Entries provided –
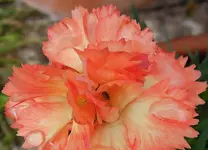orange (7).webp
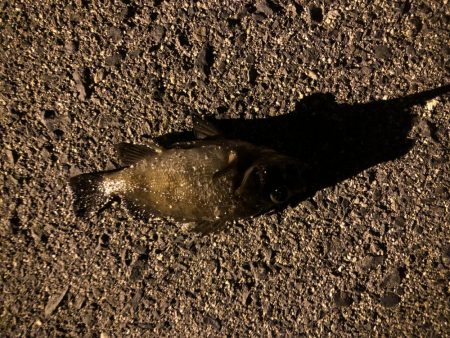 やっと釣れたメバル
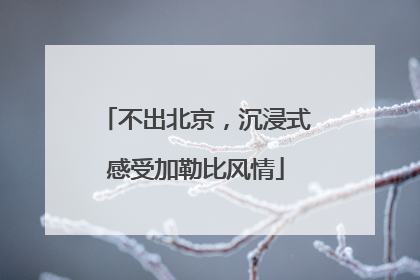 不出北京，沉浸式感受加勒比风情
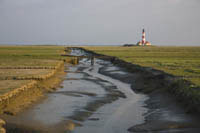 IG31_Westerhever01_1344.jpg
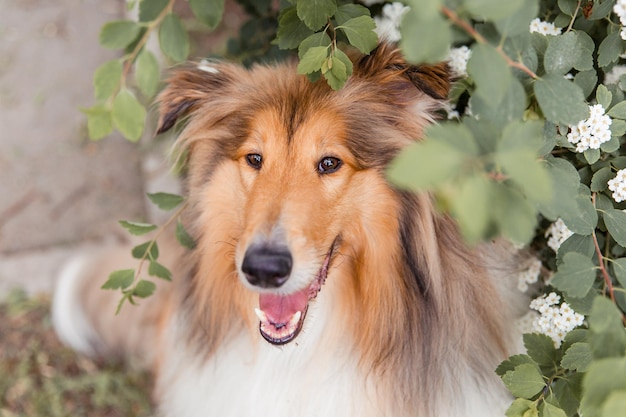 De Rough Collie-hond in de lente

==

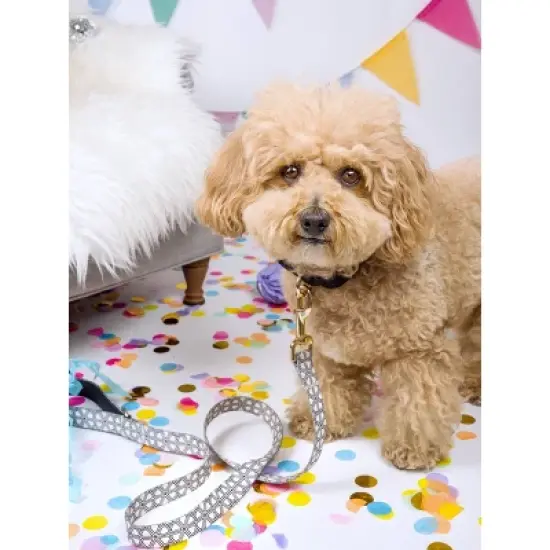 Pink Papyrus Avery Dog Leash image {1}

Instructions for the task –
Starting at the line with "不出北京，沉浸式感受加勒比风情" and finishing at the line with "De Rough Collie-hond in de lente", copy the material above exactly, both lines included. Nothing else goes in, and no pictures.

Output of the task –
 不出北京，沉浸式感受加勒比风情
 IG31_Westerhever01_1344.jpg
 De Rough Collie-hond in de lente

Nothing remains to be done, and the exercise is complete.